What the task requires
Write each entry out once more, please, precisely as shown.

Provided records
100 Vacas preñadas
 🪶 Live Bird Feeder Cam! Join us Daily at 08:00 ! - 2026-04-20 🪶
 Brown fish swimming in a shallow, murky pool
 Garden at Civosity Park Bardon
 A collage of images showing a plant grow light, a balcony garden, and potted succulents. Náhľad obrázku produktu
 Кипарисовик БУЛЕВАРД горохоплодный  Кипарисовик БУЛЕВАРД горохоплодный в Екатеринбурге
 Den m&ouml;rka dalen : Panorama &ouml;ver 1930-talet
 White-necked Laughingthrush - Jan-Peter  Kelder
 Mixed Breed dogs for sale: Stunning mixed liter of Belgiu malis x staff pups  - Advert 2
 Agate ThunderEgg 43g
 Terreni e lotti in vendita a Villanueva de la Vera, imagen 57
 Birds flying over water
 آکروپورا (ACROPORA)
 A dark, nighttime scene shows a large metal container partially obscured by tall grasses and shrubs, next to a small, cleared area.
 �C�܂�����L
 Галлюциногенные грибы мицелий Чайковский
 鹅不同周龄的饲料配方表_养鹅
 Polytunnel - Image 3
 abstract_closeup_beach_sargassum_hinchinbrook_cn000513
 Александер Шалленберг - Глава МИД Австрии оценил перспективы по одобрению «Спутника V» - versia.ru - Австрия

Result
100 Vacas preñadas
 🪶 Live Bird Feeder Cam! Join us Daily at 08:00 ! - 2026-04-20 🪶
 Brown fish swimming in a shallow, murky pool
 Garden at Civosity Park Bardon
 A collage of images showing a plant grow light, a balcony garden, and potted succulents. Náhľad obrázku produktu
 Кипарисовик БУЛЕВАРД горохоплодный  Кипарисовик БУЛЕВАРД горохоплодный в Екатеринбурге
 Den m&ouml;rka dalen : Panorama &ouml;ver 1930-talet
 White-necked Laughingthrush - Jan-Peter  Kelder
 Mixed Breed dogs for sale: Stunning mixed liter of Belgiu malis x staff pups  - Advert 2
 Agate ThunderEgg 43g
 Terreni e lotti in vendita a Villanueva de la Vera, imagen 57
 Birds flying over water
 آکروپورا (ACROPORA)
 A dark, nighttime scene shows a large metal container partially obscured by tall grasses and shrubs, next to a small, cleared area.
 �C�܂�����L
 Галлюциногенные грибы мицелий Чайковский
 鹅不同周龄的饲料配方表_养鹅
 Polytunnel - Image 3
 abstract_closeup_beach_sargassum_hinchinbrook_cn000513
 Александер Шалленберг - Глава МИД Австрии оценил перспективы по одобрению «Спутника V» - versia.ru - Австрия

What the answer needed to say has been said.